The second assignment is a larger analysis task and will involve application of Cox regression models. It is due to be handed in on April 27.
Please note that the data set you will be using involves real data. It is not made-up data sets designed to give simple or neat answers. Rather, it is a selection of real data from the Framingham study; the data may well be messy or have inconclusive relationships, etc. As such, you should not assume that you should jump in with a complex model without looking at the data first using descriptive and similar simple methods. That is, you are expected to undertake appropriate exploratory data analyses before doing the full regression analysis.
I encourage you to include your full SAS code since then I can give you feedback on the code if there were problems with your analysis.
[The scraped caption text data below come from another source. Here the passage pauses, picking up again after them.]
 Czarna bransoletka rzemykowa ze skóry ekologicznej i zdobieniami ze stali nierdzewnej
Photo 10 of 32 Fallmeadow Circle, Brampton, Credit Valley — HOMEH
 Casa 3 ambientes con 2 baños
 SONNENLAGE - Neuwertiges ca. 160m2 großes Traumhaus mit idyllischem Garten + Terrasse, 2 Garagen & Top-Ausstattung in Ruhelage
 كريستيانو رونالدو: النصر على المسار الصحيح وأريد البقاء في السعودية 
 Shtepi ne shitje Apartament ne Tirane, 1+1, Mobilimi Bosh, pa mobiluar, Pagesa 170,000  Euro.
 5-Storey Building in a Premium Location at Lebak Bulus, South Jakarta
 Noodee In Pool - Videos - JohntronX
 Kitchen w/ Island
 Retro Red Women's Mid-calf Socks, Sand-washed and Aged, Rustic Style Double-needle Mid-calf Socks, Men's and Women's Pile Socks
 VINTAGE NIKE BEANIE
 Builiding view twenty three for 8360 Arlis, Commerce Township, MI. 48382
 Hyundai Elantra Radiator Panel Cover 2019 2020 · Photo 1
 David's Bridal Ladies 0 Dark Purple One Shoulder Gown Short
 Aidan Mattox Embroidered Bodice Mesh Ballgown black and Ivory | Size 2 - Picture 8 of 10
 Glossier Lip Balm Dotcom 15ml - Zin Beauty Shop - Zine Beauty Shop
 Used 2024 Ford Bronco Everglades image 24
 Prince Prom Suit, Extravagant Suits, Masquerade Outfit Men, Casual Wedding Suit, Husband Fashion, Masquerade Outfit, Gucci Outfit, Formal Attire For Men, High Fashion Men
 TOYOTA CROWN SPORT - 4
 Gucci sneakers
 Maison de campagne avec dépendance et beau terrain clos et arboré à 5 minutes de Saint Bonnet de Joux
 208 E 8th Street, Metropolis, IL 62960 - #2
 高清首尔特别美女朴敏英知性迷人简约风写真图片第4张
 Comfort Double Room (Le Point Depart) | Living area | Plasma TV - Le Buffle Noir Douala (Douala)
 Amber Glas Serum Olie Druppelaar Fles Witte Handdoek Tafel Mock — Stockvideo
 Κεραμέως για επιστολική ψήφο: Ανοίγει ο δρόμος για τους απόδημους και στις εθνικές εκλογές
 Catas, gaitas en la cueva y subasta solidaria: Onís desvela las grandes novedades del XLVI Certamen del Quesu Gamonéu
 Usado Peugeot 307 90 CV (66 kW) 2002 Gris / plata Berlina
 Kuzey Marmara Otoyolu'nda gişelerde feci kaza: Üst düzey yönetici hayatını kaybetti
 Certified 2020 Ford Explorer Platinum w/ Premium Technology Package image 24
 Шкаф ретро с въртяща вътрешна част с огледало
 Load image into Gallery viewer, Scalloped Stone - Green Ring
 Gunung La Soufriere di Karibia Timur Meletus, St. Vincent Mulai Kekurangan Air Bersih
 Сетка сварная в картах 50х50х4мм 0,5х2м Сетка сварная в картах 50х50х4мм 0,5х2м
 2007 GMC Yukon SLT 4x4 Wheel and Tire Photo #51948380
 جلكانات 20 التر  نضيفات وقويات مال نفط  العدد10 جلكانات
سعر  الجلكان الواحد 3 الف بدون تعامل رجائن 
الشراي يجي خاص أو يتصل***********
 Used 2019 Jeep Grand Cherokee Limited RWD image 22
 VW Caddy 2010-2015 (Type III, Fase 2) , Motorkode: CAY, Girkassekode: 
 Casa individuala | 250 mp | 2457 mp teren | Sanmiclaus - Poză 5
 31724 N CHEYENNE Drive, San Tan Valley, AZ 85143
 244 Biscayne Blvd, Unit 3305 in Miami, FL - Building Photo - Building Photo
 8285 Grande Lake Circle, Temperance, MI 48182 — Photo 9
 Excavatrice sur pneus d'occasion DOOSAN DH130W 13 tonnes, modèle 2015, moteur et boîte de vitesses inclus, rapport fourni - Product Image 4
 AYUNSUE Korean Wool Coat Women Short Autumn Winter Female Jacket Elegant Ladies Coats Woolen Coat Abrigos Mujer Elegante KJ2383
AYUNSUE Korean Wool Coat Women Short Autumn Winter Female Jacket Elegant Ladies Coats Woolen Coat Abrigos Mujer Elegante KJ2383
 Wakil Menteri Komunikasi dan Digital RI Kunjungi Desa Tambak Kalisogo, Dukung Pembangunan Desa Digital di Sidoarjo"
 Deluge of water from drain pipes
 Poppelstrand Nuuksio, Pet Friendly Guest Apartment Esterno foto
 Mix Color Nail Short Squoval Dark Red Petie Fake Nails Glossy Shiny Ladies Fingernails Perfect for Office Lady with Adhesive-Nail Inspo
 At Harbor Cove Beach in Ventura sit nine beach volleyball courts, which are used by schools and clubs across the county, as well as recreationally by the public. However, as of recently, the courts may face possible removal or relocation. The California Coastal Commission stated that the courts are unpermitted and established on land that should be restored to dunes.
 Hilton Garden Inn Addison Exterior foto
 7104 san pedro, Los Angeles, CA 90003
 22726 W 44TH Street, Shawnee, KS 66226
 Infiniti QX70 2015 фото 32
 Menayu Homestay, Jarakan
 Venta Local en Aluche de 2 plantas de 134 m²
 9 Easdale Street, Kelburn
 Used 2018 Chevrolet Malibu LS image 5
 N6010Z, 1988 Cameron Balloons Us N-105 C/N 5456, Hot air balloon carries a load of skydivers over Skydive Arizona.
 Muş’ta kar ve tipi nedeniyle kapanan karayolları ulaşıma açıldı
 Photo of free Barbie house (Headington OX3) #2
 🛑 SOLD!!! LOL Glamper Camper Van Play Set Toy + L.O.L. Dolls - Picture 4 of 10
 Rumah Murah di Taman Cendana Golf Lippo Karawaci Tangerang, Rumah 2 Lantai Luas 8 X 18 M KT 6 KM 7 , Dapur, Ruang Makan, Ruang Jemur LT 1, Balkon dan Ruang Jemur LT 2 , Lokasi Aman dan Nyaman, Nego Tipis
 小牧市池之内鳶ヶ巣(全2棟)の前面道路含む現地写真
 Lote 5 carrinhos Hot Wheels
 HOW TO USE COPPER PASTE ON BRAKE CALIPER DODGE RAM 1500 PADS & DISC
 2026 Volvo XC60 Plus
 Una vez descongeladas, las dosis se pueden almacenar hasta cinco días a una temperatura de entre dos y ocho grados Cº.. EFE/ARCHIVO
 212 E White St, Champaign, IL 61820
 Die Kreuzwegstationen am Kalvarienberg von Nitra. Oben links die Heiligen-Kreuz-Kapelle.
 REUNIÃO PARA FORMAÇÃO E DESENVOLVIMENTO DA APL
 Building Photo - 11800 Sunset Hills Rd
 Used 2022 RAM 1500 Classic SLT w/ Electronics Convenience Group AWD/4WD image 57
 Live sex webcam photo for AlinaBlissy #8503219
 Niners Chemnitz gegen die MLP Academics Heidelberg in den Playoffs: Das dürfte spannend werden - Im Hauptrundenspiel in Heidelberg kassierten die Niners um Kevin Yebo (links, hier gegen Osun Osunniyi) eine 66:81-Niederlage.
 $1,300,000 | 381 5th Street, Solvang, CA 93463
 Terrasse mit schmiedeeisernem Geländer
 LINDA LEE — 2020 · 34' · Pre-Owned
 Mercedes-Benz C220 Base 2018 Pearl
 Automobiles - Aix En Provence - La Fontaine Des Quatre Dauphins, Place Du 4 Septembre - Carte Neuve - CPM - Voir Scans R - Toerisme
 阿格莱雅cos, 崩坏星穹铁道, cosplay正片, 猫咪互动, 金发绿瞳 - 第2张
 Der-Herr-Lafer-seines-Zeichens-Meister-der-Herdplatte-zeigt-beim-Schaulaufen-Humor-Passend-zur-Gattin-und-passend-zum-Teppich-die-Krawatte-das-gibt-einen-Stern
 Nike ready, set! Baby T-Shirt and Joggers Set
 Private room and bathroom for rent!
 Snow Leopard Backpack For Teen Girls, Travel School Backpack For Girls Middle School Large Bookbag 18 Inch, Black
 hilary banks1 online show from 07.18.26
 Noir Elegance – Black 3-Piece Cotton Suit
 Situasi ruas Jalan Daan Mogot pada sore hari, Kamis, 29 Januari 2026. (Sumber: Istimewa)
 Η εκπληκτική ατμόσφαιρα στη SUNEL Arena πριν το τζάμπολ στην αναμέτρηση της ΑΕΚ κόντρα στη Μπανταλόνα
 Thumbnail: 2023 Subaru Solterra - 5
A major aspect of these assignments (especially assignment #2) is the interpretation of the results. I do not want you to simply give me a computer print-out: I may know how to interpret the print-out but you have to show me that you know how to interpret it. You should not ‘cut and paste’ the SAS output results. Rather, re-type the relevant parts of the output into a suitable table. You also should not just type out the regression coefficients and leave it at that. Again, I may know how to interpret the coefficients – your task is to show me that you also know how. At a minimum, the analyses must be converted back into epidemiologically meaningful parameters (e.g. IDR). However, what I really am looking for is that you can interpret what the coefficients and analyses mean in epidemiological terms. This is a key objective of the course. For example, what do the analyses mean in terms of confounding? How do they impact on the underlying hypotheses?